Deep Salty Water A Boon in Desert

By | Uncategorized

12/29/2008 Peter Sanchez, CEO – Atrisco Oil & Gas

(Printed in Albuquerque Journal, Monday, December 29, 2008)

The recent discoveries of deep brackish water on Albuquerque’s west side and in Sandoval County have provoked a chorus of discussions.  Some dialogue has been thoughtful and some has been alarmist and parochial.  All points of view are necessary to choose the correct path.  But we have not heard a glaringly obvious perspective.  I present a case regarding deep water yet to be voiced:

In a desert… the discovery of any water is good.

Atrisco Oil & Gas discovered water while searching for natural gas this past year.  Found at depths from 6,200 to 7,200 feet, the water is brackish.  Because of its depth, it is outside the jurisdiction of the Office of the State Engineer (OSE).  This lack of governmental oversight is at the root of much of the outcry, for some fear that the discovery of water is analogous to unbounded sprawl.

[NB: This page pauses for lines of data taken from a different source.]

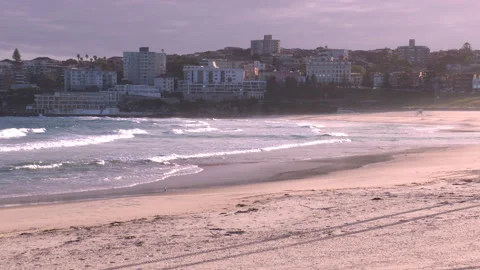 Coronavirus lockdown Bondi Beach in Australia during global COVID 19 Pandemic 15 Stock Footage 150365898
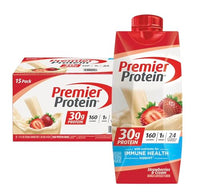 Thumbnail for Image 1 of Default Title for the product Premier Protein Shake, Strawberries & Cream, 11 fl oz, 15 Pack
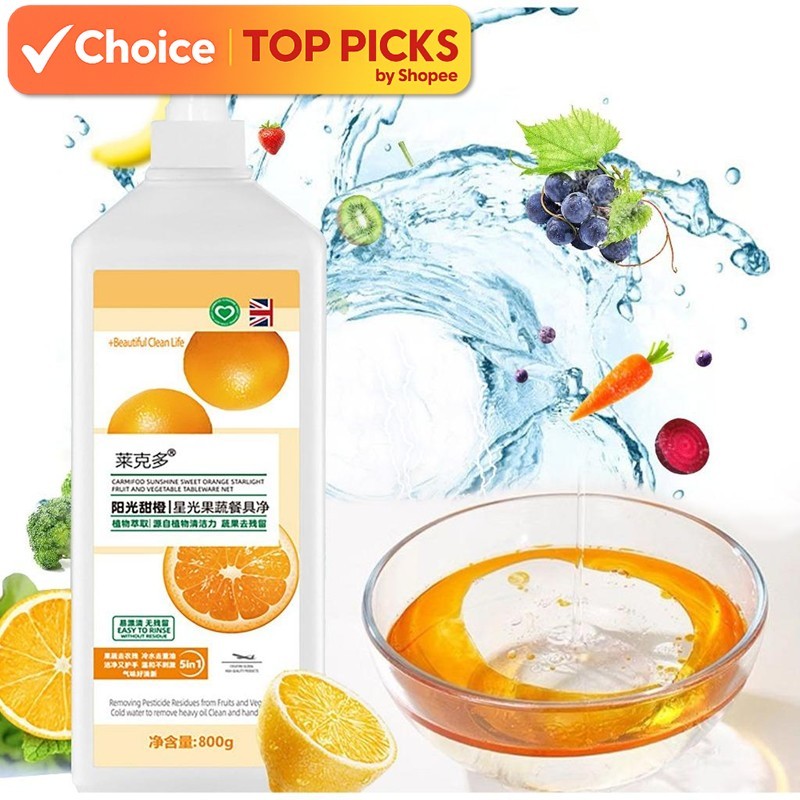 Laikeduo Natural Enzyme Dish Soap Removes Pesticides Grease Baby-Safe Eco-Friendly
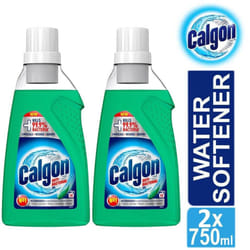 2 x Calgon 3 in 1 Limescale Anti-Bacterial Gel Washing Machine Softener 750ml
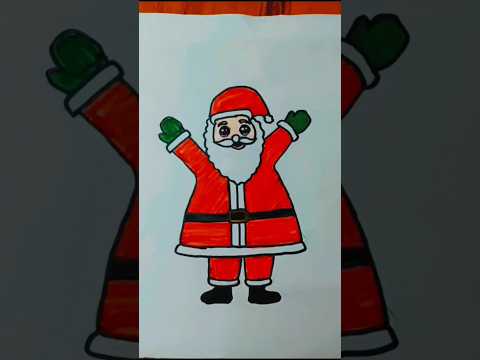 Santa Claus drawing🥰#trending#art #viralvideo#shortvideo#christmas#youtube#ytstudio#drawing#painting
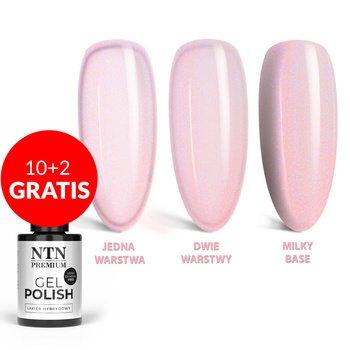10+2gratis Lakier hybrydowy LED/UV Gel Polish NTN Premium Viral colors Nr 289 HEMA/Di-HEMA Free 5g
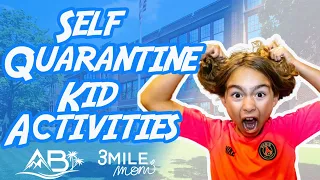 How To Keep Kids Entertained During Coronavirus Self-Quarantine | The Adventure Buddies | 3 Mile Mom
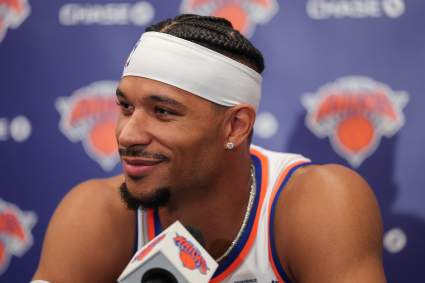 La estrella de los New York Knicks, Josh Hart, publica un mensaje viral tras el partido contra los Hawks.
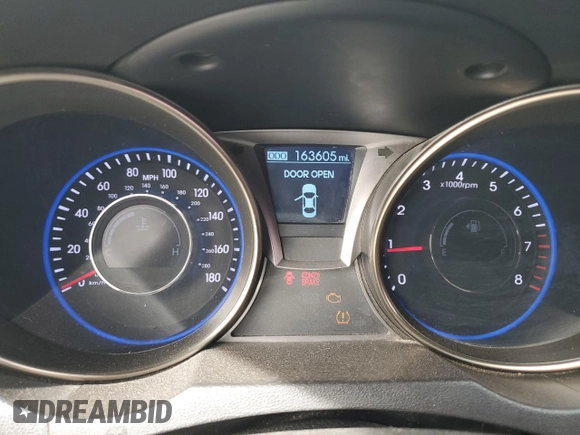 2013 Hyundai Genesis Coupe R-Spec with VIN KMHHU6KJXDU100309, listed as a Copart auction lot 49429355 with 163,605 mi miles and Salvage title. Bid and sale history available at DreamBid. Image 9.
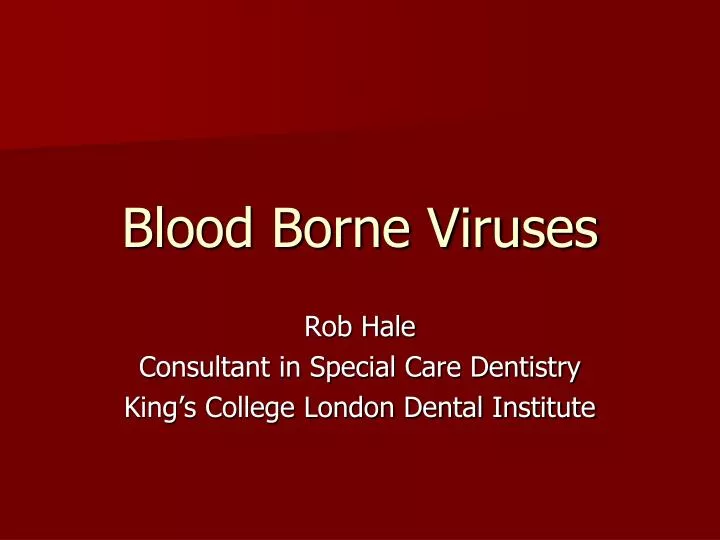blood borne viruses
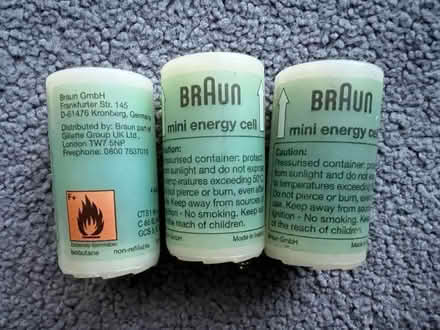 Photo of free Braun Mini Energy Cells (Fareham PO15) #1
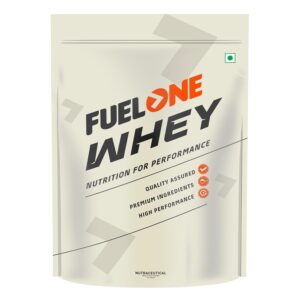 FUELONE Whey Protein (Mango, 1kg / 2.2lbs) | 24g Protein | 5.29g BCAA & 4.2g Glutamic Acid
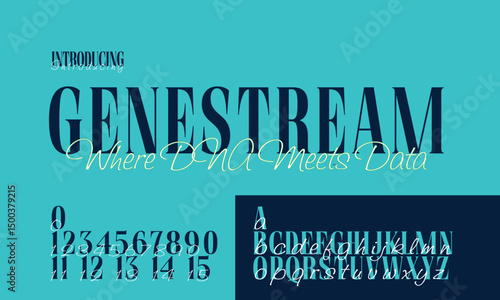 Genestream - Sci-Fi Tech Font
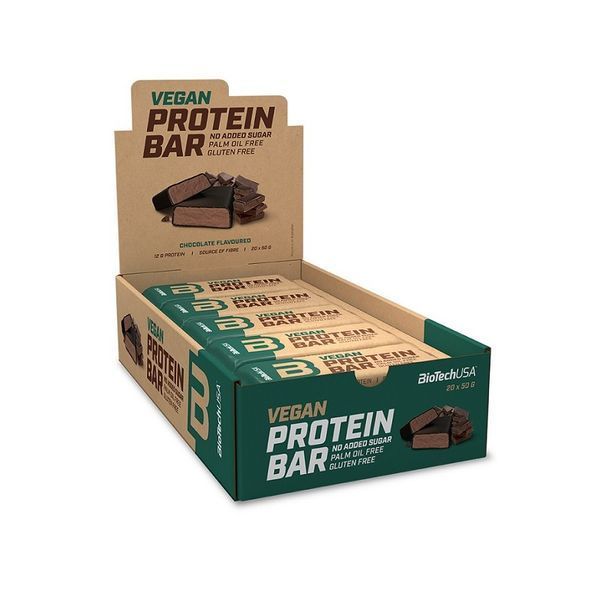 Протеїновий батончик BioTech Vegan Bar 50 g 111194 Proteininlviv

Quite simply, more water, a desperately needed resource, does not automatically lead to the building of more houses. Atrisco Oil & Gas is not promoting the proliferation of new housing developments simply because we found water.  Moreover, we fully appreciate that the Atrisco water is not a renewable source and recognize that its use for new development may not be conscientious.  Development is planned and controlled by city and county administrators who take all available resources into account. It is unrealistic to think that discoveries of brackish water are going to automatically result in an acceleration of home development.

Yet the question remains, do we regulate or not?  We believe regulation would be beneficial for deep water discoveries.  Regulation could actually stimulate more business investment and result in more water supplies for our communities.  A considerable amount of investment risk rests solely with water entrepreneurs and partnering investors.  Regulation, on a practical level, would lessen the uncertainties currently inherent in New Mexico’s deep water law and thus further encourage investment and discovery initiatives.  However, regulation must be balanced.  The New Mexico Legislature must be careful to consider and protect all interests when extending the OSE’s jurisdiction to include deep brackish water.  Legislating insurmountable laws that discourage investment and risk-taking will result in a disservice to the community and state.  More discoveries make good practical and economic sense for residents in this arid community.  But economic development cannot proceed successfully without sensible and balanced regulation.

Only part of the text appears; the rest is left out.